Sergio Guzman of Mexico dives from the 27 metre platform during the Red Bull Cliff Diving World Series in Polignano a Mare, Italy. Photo: Dean Treml/Red Bull.

Hello! Here’s what you need to know to start the week.

1. US President Donald Trump doesn’t believe Russians hacked the Democrats last year because they wouldn’t have gotten caught. New White House communications director Anthony Scaramucci told CNN host Jake Tapper about Trump’s view, but US intelligence officials believe Russia left behind evidence of hacking to sow chaos, and considered their mission a success and would try it again.

2. Scaramucci had a busy weekend, quoting his boss as an ‘anonymous’ source on Russia’s interference. Of course he was also deleting old tweets critical of Trump and vowed to stop leaks out of the White House or he’ll start firing people on his team.

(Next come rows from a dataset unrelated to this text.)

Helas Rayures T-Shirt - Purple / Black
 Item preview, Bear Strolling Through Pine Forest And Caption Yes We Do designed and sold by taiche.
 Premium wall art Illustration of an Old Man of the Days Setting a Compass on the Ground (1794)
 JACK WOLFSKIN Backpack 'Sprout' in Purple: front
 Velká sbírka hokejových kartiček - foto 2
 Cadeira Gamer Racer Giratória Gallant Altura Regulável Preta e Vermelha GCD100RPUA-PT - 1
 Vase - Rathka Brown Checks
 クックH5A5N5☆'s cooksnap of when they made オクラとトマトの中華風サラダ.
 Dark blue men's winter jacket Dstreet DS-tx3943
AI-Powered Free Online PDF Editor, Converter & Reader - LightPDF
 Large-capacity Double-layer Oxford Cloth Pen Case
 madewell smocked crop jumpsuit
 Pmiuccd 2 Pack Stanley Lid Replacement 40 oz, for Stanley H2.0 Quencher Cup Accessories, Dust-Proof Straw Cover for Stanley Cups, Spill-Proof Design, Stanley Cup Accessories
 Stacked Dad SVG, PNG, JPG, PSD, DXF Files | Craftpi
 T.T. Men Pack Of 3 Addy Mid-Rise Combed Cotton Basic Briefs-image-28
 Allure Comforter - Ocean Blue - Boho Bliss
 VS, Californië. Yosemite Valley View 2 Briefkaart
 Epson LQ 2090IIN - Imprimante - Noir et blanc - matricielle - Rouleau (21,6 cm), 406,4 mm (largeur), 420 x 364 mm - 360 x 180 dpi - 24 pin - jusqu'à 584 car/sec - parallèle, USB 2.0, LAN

3. The unemployment level in Britain is at a 44-year low at just 4.5%. But that’s just an example of Disraeli’s three kinds of lies, with the 1.49 million people fitting the official definition of “unemployment” disguising the true rate. In reality, about 21.5% of all workers are without jobs, or 8.83 million people, according to Britain’s Office for National Statistics.

4. Trump is railing against Republicans for failing to protect him against the ‘phony Russian Witch Hunt’. The President took to Twitter to declare “It’s very sad that Republicans, even some that were carried over the line on my back, do very little to protect their President,” amid a series of tweets laying into his side of politics on Sunday evening.

5. The IMF has downgraded UK’s economic growth forecast following weaker-than-expected performance. The World Economic Outlook revised downwards to 1.7% from April’s 2% prediction as European countries such as Germany, France and Spain, exceeded growth expectations.

6. Massive protests have erupted across Poland. Poles took to the streets on Sunday over new laws by the populist governing Law and Justice party that drastically limit the independence of the judiciary, accusing party leader Jaroslaw Kaczynski of trying to cement his power.

7. 8 people died inside a trucked parked behind a Texas Walmart in 100F (40C) summer heat. Authorities said they were the victims of people smugglers, with another 30 people, many in critical condition and suffering from heat stoke and exhaustion, also in the trailer.

8. A car bomb in the Afghanistan’s capital, Kabul, has killed at least 24 people. A suicide attacker detonated the bomb in western Kabul on Monday, killing at least 24 people and wounding 40. Officials say the death toll could rise and the target of the attack is unclear at this point.

9. A Ukrainian businessmen is exploiting the University of Oxford’s reputation to sell fake awards and honours. The Times of London has revealed that the Europe Business Assembly advertises itself as an Oxford institution to sell made-up prizes such as “The International Socrates Award” and “The Queen Victoria Commemorative Award” for up to £9,300 ($AU15,500).

10. A crackdown on VPNs by China could lead to a brain drain. Academics have been using virtual private networks (VPN) to get around the country’s notorious “Great Firewall”, which blocks sites such as Facebook, Twitter and Google, and if Beijing’s 14-month nationwide “clean-up” of unauthorised internet connections succeeds, university researchers are warning that international scholars will avoid China and they also will look at leaving.